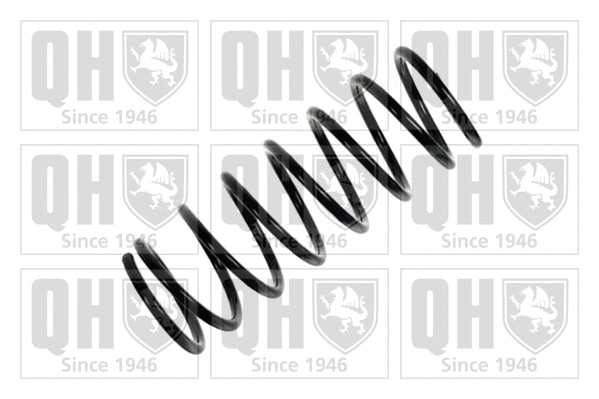 Suspension Spring (QCS5624)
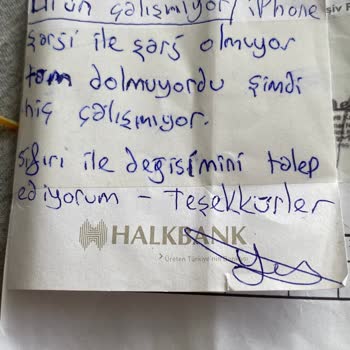 Segment Bilgisayar Servise Giden Ürün İle Gelen Ürün Aynı Değil!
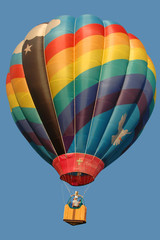 Fototapeta premium Hot Air Balloon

□ □ □ □

Activity »
Please reproduce, exactly and only, the lines from the line containing "Segment Bilgisayar Servise" through the last line of the material above, minus any pictures.

Result of the exercise »
 Segment Bilgisayar Servise Giden Ürün İle Gelen Ürün Aynı Değil!
 Fototapeta premium Hot Air Balloon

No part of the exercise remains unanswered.